Executive director Lee Heng Guie said there is a need for the government to properly communicate information to enable the people to anticipate and manage the eventual impact of subsidy rationalisation.
Such a measure was also necessary to contain inflation, he said.
“Price controls can only be used as temporary measures otherwise it will hurt producers and cause them to leave the industry,” Lee told the media during SERC’s Quarterly Economy Tracker briefing.
He also called on the government to deregulate imports and encourage market entry by looking into areas with high import dependency to work out how to increase supply.
SERC also called for more government initiatives to encourage agriculture.
“We are happy the government has taken on board some proposals put forward by the Associated Chinese Chambers of Commerce and Industry of Malaysia (ACCCIM) for the release of more land with longer tenures to encourage producers to go into farming,” said Lee.
He also called on the government to extend social assistance to vulnerable households and encourage the consumption of made-in-Malaysia products.
Bank Negara Malaysia must also anchor inflation expectations amid a rising inflation environment, Lee said.

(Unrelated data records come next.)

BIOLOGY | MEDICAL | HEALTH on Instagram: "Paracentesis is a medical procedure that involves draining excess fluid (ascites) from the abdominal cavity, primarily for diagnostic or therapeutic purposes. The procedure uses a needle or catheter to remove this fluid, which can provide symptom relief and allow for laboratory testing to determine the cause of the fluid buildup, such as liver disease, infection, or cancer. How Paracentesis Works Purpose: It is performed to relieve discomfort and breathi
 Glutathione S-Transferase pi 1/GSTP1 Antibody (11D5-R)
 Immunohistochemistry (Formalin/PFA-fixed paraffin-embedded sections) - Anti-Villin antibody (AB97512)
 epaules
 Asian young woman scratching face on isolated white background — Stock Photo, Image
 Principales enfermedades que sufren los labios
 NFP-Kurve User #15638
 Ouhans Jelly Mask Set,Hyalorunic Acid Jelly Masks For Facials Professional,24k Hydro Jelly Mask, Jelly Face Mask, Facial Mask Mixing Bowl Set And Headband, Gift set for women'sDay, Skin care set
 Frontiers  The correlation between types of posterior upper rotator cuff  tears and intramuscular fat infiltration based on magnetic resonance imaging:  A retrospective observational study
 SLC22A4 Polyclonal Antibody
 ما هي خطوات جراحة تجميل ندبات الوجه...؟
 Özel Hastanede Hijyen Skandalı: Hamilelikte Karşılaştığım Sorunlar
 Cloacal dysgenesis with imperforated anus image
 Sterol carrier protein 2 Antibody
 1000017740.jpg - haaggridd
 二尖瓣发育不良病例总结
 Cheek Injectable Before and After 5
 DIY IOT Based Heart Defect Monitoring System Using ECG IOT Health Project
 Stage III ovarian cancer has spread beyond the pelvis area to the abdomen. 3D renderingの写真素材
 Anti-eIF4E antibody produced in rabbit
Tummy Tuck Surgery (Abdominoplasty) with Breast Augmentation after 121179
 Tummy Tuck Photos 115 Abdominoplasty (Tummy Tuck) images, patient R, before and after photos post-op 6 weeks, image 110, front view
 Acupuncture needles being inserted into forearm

A failure to do so may give rise to difficulties later on, he added.
“You don’t want to operate in a growing economy where inflation remains high,” Lee said.
In May, Malaysia’s consumer inflation stood at 2.8%, up from 2.2% in the first quarter of 2022, while food inflation went up to 5.2% from 3.8% previously. Core inflation, which measures underlying inflation trends (excluding volatile food and energy), has increased steadily to 2.4% in May, up from 1.8% in Q1 2022.
For 2022, SERC estimates that headline inflation will go up by between 3.0% and 3.5%, higher than the central bank’s estimate of between 2.2% and 3.2%.
Lee conceded that a rise in interest rates will affect many people but added that there was a need to look at overall stability, including that of prices and the labour market.